My friend, Gena, shared a conversation she had with a friend with a terminal illness. This friend knows she is dying and that her remaining time on earth is short. And yet, she looks forward with an heart full of faith. She knows where she is going. She knows the body that is failing her is not "her". It is a sacred temple, which houses her spirit, which is eternal and part of a Heavenly Family. As she referenced what it will be like as time goes on, her health getting worse, and the distance between this life and the next narrowing, she wants the transition to be welcomed, as uncomplicated and as smooth as possible. She said, "I'm not going to let my mortality get in the way." This woman knows that inside of her body rests a spirit that will continue on long after her mortal shell has expired. She knows this is not the end and therefore does not think with her mortal eyes, but her spiritual eyes.
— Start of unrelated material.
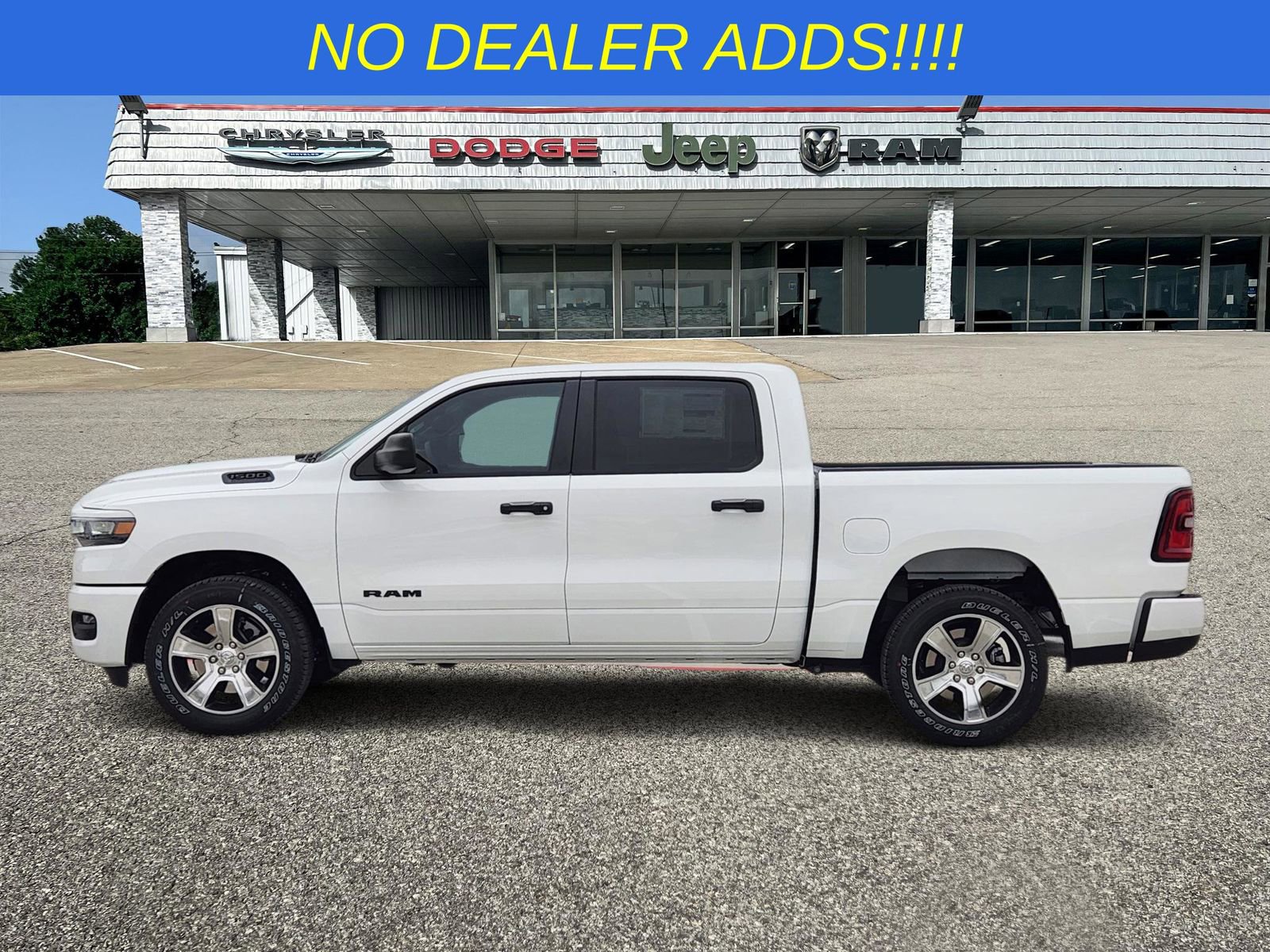 New 2026 RAM 1500 Express RWD image 3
This made me think about my own life. Do I let my mortality get in the way sometimes? No, I am not terminally ill. But at times does my spirit - the eternal part of me, the part that existed before this life and will continue to exist in the next - want to shout at my mortal being, "Stop getting distracted with these temporary things! Mortality is temporary! It's only a part of your eternal experience!" Will my spiritual eyes look back on this life here on earth and realize I focused too much on what was here, on things (possessions, hobbies, busy-ness) that would remain HERE, instead of focusing on what I CAN take with me (love cultivated for others by serving them, a testimony built unshakable by seeking the good, acquiring better understanding of God's word, applying the Atonement in my life and recognizing that my Savior's sacrifice was for me, personally). The things of mortality that I am seeking and centering my energy on are not wrong. They are all good things and serve a purpose. But good doesn't mean they are better, and it certainly doesn't mean they are the best. I'm so grateful that Gena shared the conversation with her friend. It was a tender mercy and a gentle reminder that while seeking the good, I need to reserve time for the better and the best. I must serve my spiritual ambitions as much or more than my mortal goals.
I mustn't let my mortality get in my way.